3.3.6 JBIG2Decode Filter
The JBIG2Decode filter (PDF 1.4) decodes monochrome (1 bit per pixel) image
data that has been encoded using JBIG2 encoding. JBIG stands for the Joint Bi-
Level Image Experts Group, a group within the International Organization for
Standardization (ISO) that developed the format. JBIG2 is the second version of a
standard originally released as JBIG1.
JBIG2 encoding, which provides for both lossy and lossless compression, is useful
only for monochrome images, not for color images, grayscale images, or general
data. The algorithms used by the encoder, and the details of the format, are not
described here. A working draft of the JBIG2 specification can be found through
the Web site for the JBIG and JPEG (Joint Photographic Experts Group)

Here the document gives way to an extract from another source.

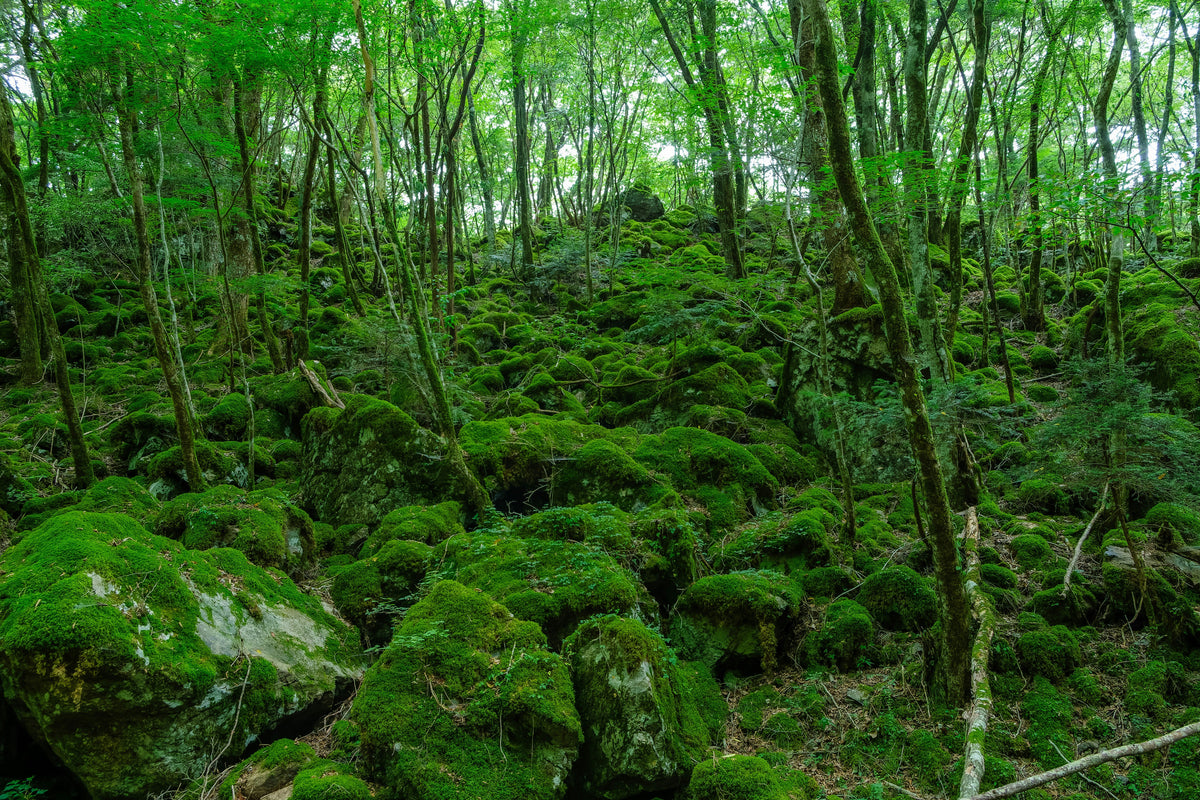 The Joy of Sencha — Finding Beauty in What We Cannot Control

committees at < http://www.jpeg.org >.
In general, JBIG2 provides considerably better compression than the existing
CCITT standard (discussed in Section 3.3.5). The compression it achieves
depends strongly on the nature of the image. Images of pages containing text in
any language compress particularly well, with typical compression ratios of 20:1
to 50:1 for a page full of text. The JBIG2 encoder builds a table of unique symbol
bitmaps found in the image, and other symbols found later in the image are
matched against the table. Matching symbols are replaced by an index into the
table, and symbols that fail to match are added to the table. The table itself is
compressed using other means. This method results in high compression ratios
for documents in which the same symbol is repeated often, as is typical for
images created by scanning text pages. It also results in high compression of white
space in the image, which does not need to be encoded because it contains no
symbols.
While best compression is achieved for images of text, the JBIG2 standard also
includes algorithms for compressing regions of an image that contain dithered
halftone images (for example, photographs).